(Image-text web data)
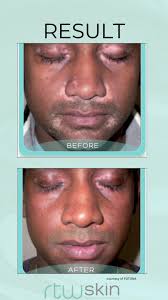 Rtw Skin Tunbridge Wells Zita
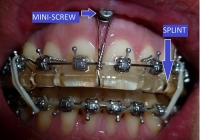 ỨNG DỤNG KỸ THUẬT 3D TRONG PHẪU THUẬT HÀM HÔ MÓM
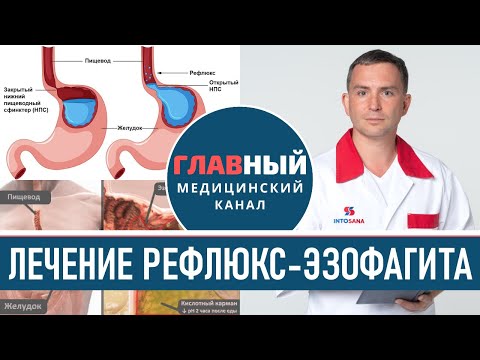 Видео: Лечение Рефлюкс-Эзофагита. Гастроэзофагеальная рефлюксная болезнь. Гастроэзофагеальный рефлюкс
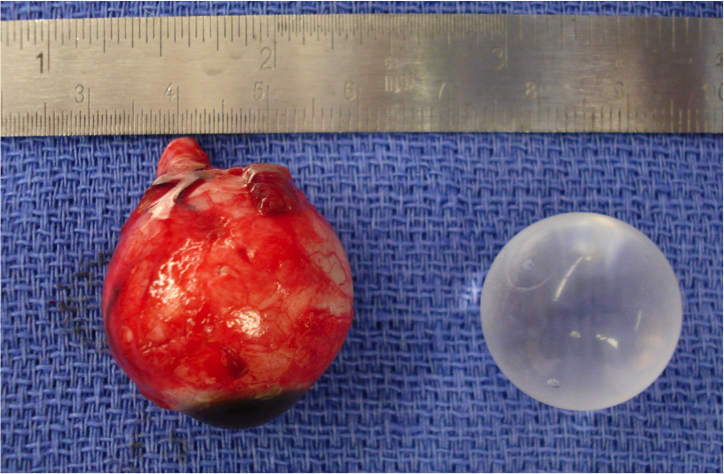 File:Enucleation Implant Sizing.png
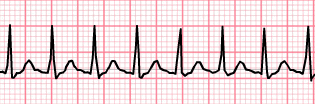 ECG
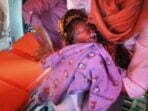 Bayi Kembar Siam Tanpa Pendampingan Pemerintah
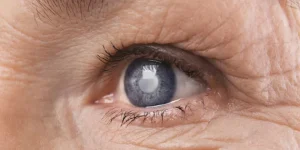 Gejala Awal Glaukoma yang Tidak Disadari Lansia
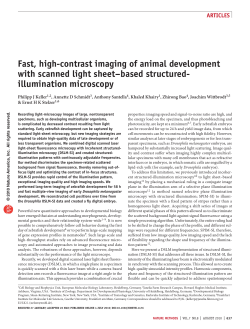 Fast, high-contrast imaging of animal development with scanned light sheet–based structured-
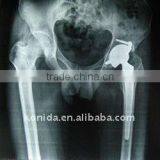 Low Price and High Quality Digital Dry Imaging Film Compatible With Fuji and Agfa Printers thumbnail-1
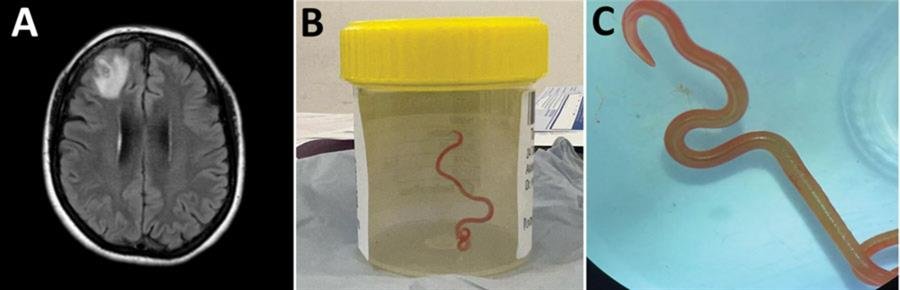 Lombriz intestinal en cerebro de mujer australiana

# EXERCISE DETAILS
Lines starting at the one with "Low Price and" and ending at the last line of the entries above must be restated word for word, with pictures omitted.

# SOLUTION TO THIS TASK
 Low Price and High Quality Digital Dry Imaging Film Compatible With Fuji and Agfa Printers thumbnail-1
 Lombriz intestinal en cerebro de mujer australiana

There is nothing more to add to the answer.